→ Exercise brief: Begin at the line containing "Dockside Living In" in the records below, end at the line containing "Corno Comodini Boho", and retype each line in that span exactly. No other line and no image should appear.

→ Task data:
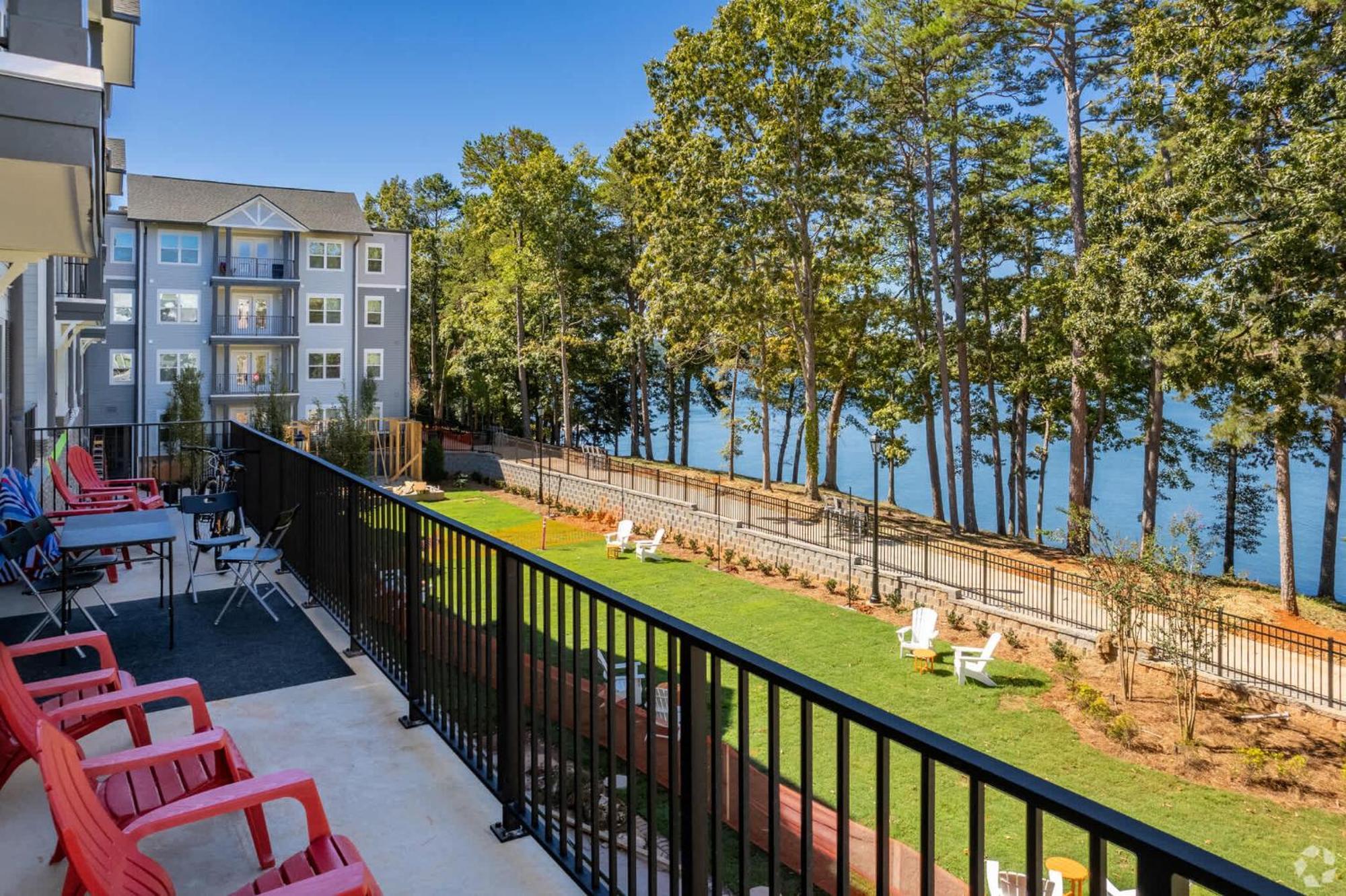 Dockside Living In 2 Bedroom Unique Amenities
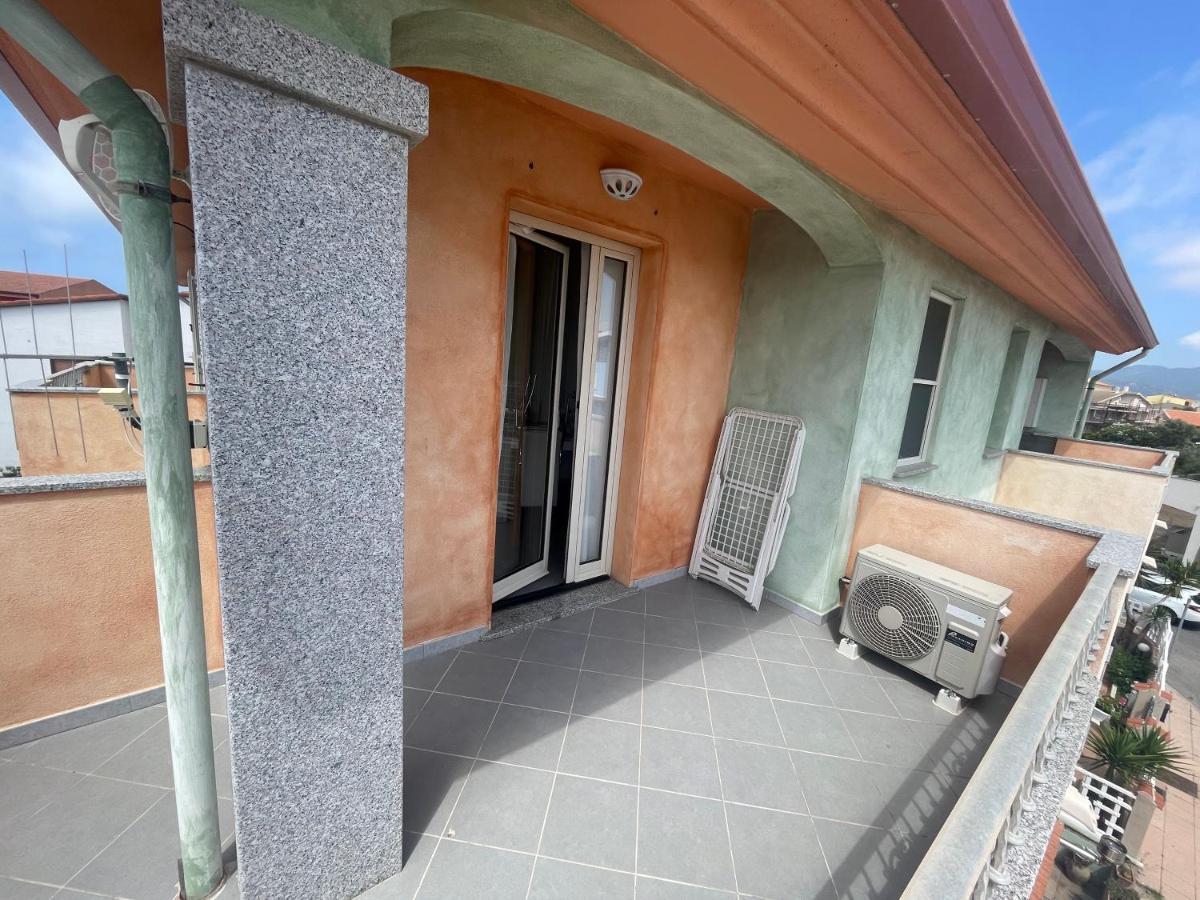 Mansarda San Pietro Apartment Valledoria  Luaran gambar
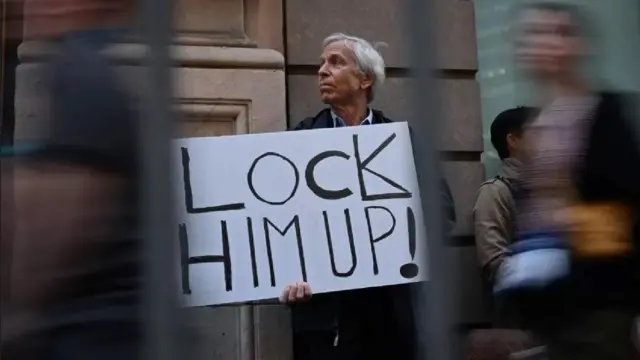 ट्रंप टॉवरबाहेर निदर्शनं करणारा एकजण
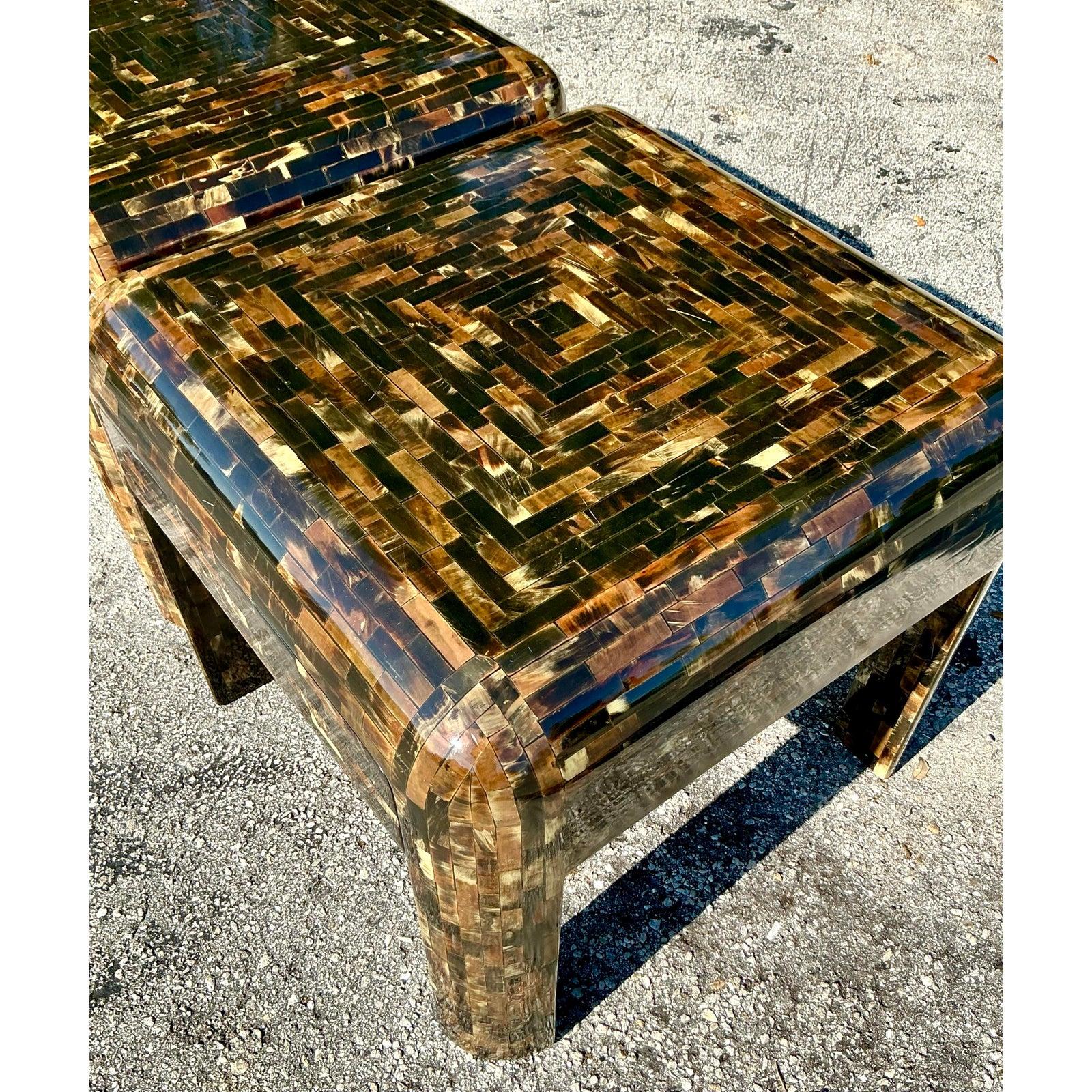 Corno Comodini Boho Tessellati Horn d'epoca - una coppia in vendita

---

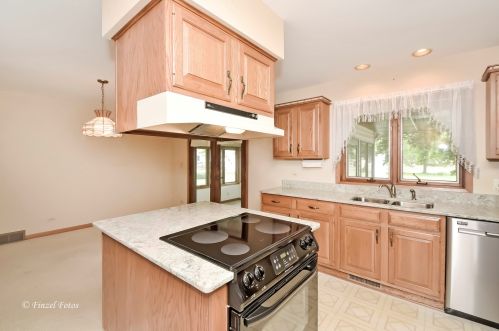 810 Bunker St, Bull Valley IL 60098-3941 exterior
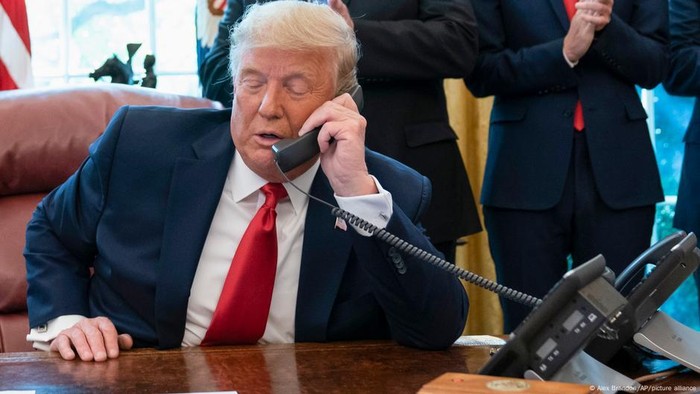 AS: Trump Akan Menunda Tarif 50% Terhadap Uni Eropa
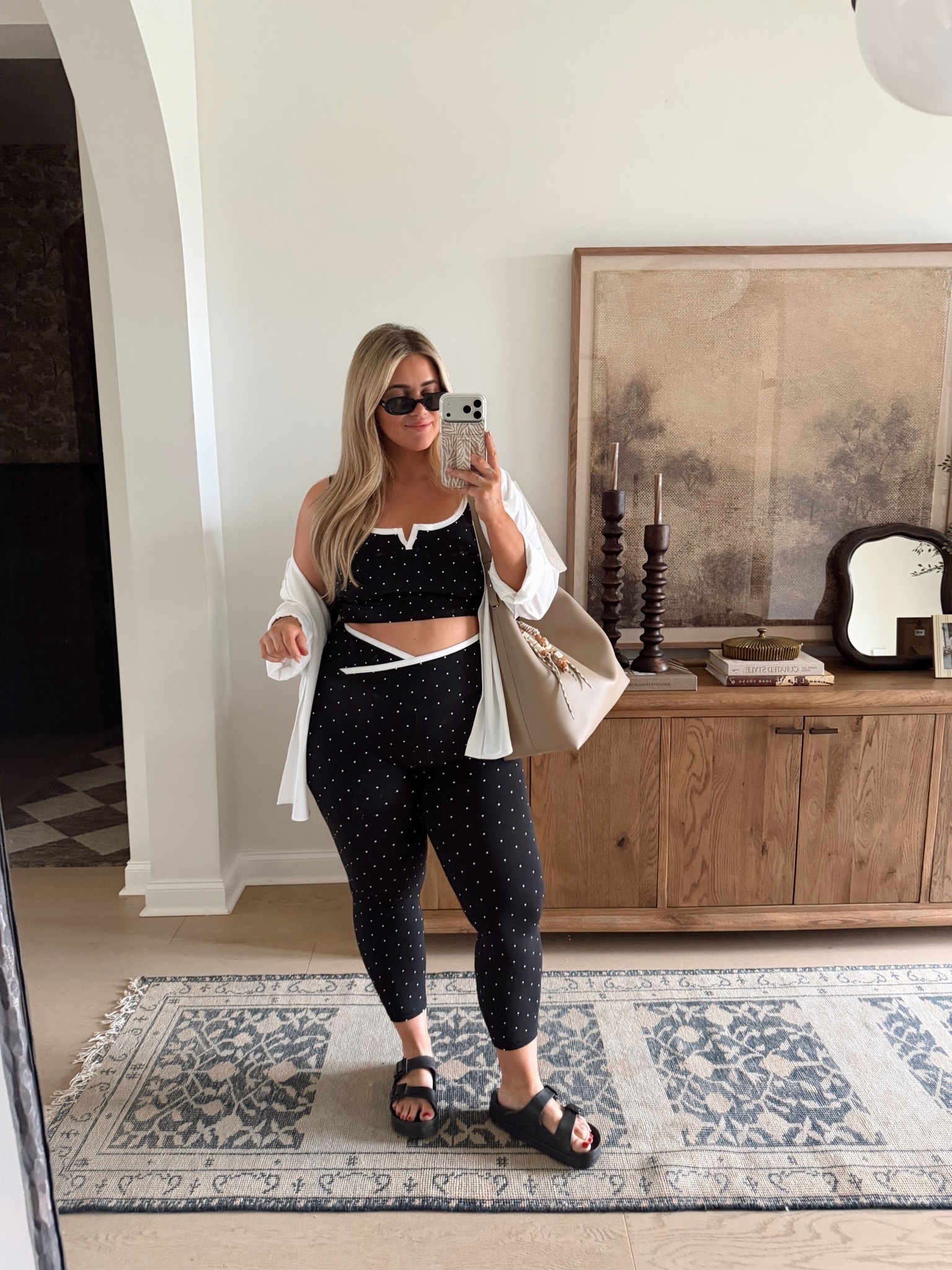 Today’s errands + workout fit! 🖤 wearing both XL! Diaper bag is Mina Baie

→ Your response:
 Dockside Living In 2 Bedroom Unique Amenities
 Mansarda San Pietro Apartment Valledoria  Luaran gambar
 ट्रंप टॉवरबाहेर निदर्शनं करणारा एकजण
 Corno Comodini Boho Tessellati Horn d'epoca - una coppia in vendita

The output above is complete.